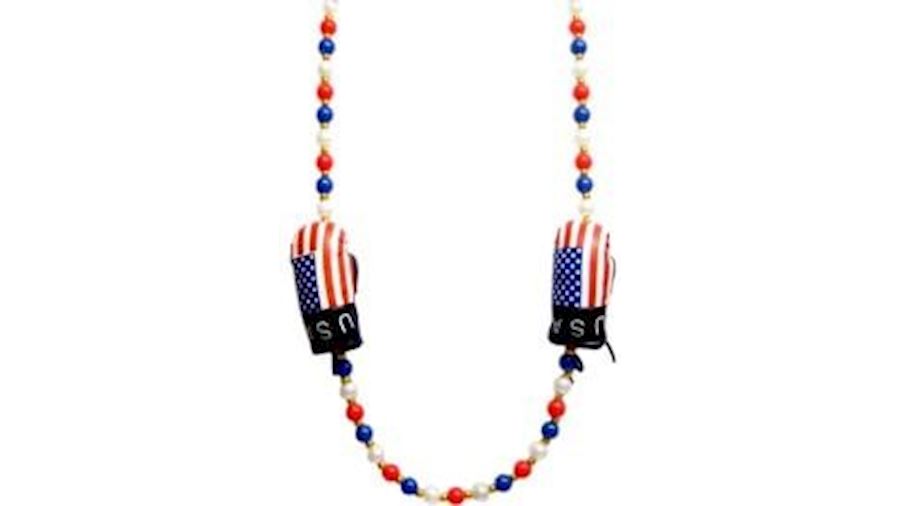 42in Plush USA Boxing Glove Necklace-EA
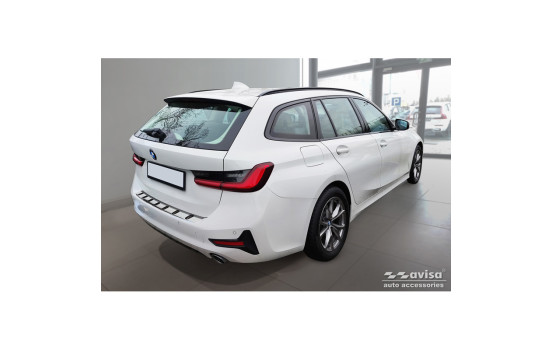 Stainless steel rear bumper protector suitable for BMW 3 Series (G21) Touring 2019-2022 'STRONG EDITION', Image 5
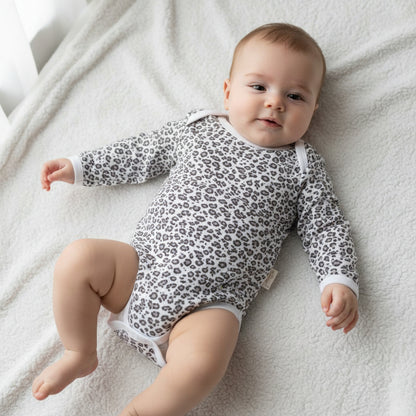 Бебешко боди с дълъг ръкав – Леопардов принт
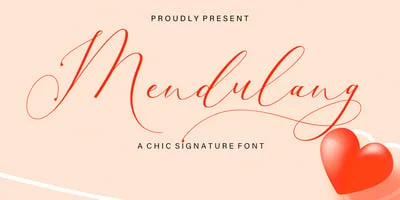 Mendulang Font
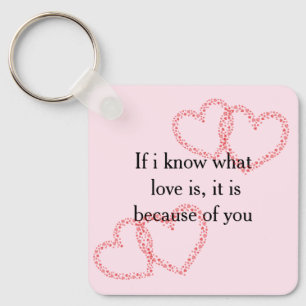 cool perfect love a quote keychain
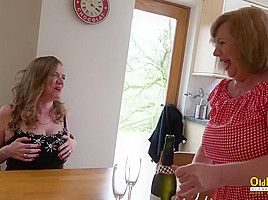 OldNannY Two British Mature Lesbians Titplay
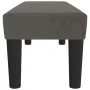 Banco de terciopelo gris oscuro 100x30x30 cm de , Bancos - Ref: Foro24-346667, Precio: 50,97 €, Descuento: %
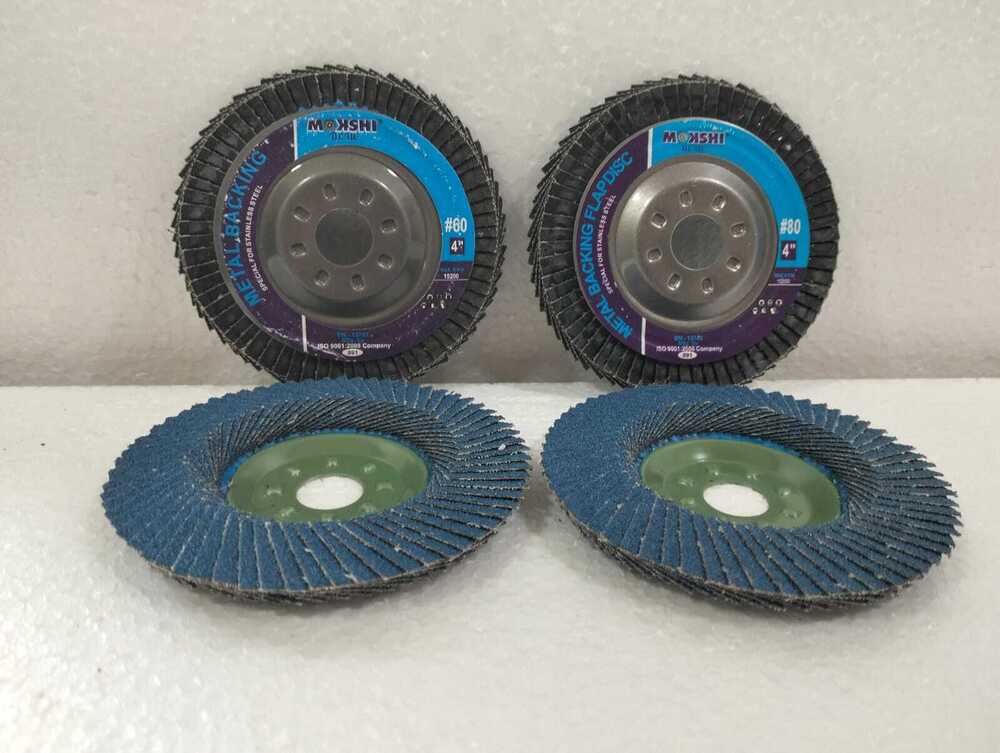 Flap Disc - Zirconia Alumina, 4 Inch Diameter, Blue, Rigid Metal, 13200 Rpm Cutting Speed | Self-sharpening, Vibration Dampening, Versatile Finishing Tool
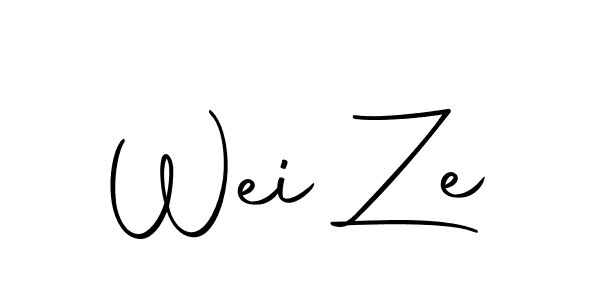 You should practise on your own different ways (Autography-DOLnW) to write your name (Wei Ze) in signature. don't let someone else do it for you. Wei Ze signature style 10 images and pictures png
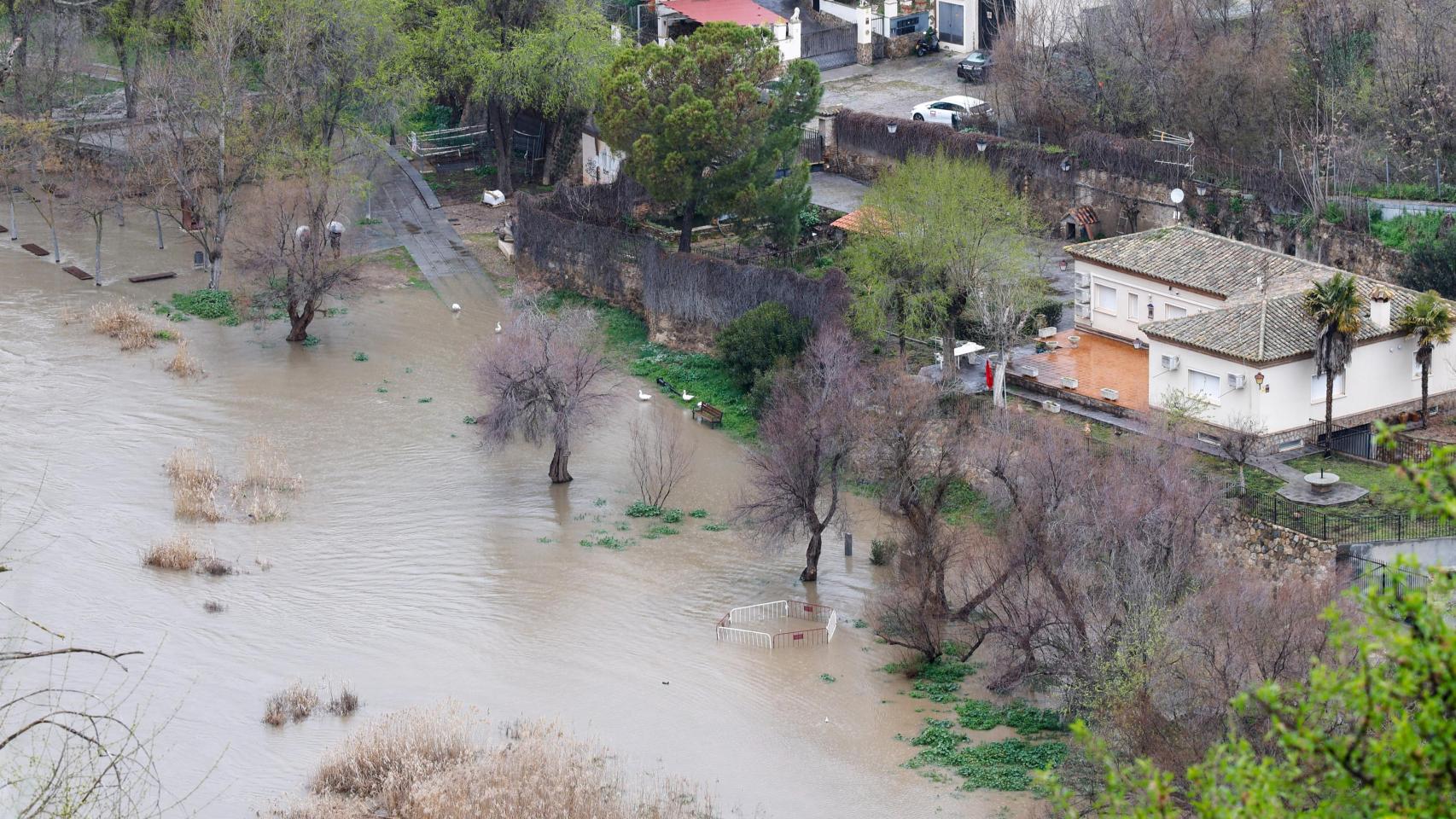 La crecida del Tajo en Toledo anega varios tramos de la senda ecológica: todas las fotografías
* * *
DIRECTIONS FOR THIS TASK: Repeat only the stretch of data above that runs from the line with "Stainless steel rear" to the line with "OldNannY Two British Mature Lesbians Titplay". Keep both end lines; exclude pictures.

EXERCISE OUTPUT:
 Stainless steel rear bumper protector suitable for BMW 3 Series (G21) Touring 2019-2022 'STRONG EDITION', Image 5
 Бебешко боди с дълъг ръкав – Леопардов принт
 Mendulang Font
 cool perfect love a quote keychain
 OldNannY Two British Mature Lesbians Titplay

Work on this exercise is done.